# [Instructions for the task]
Your copy of the entries below should hold exactly the lines from the one containing "Lagos Balcony With" to the one containing "Omron Inductive Proximity", inclusive, and no pictures.

# [Data to process]
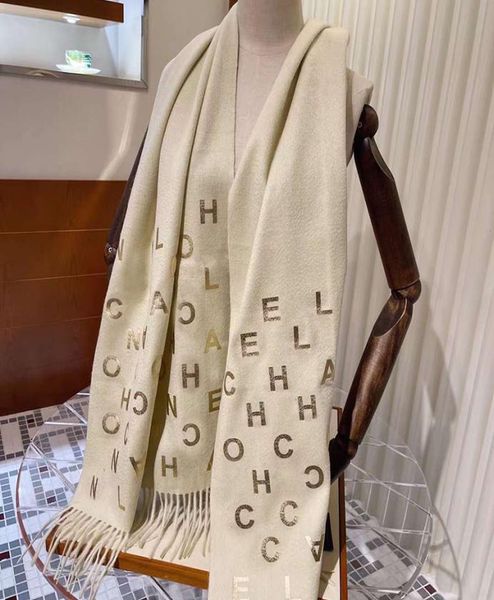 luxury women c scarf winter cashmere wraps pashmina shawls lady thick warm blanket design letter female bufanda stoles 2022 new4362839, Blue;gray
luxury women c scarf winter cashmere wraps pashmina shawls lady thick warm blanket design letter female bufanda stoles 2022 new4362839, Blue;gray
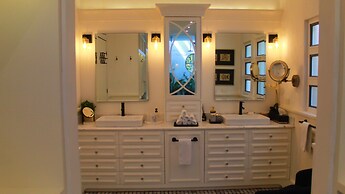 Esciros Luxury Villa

--

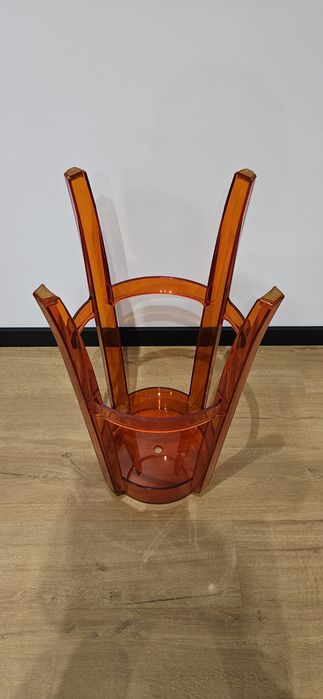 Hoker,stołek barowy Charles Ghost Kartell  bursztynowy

...

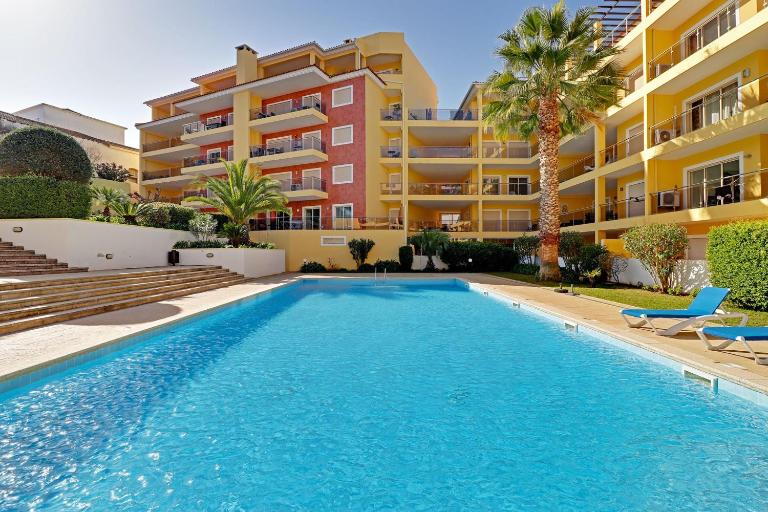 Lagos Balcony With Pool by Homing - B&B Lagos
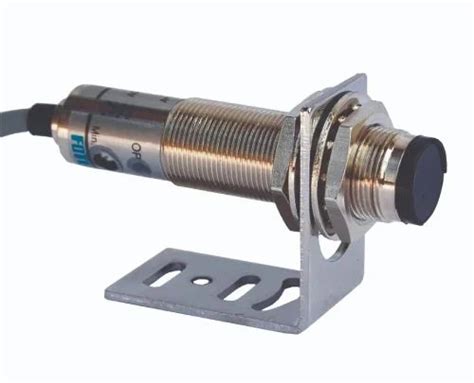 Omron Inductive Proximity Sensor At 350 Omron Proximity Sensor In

# [Response area]
 Lagos Balcony With Pool by Homing - B&B Lagos
 Omron Inductive Proximity Sensor At 350 Omron Proximity Sensor In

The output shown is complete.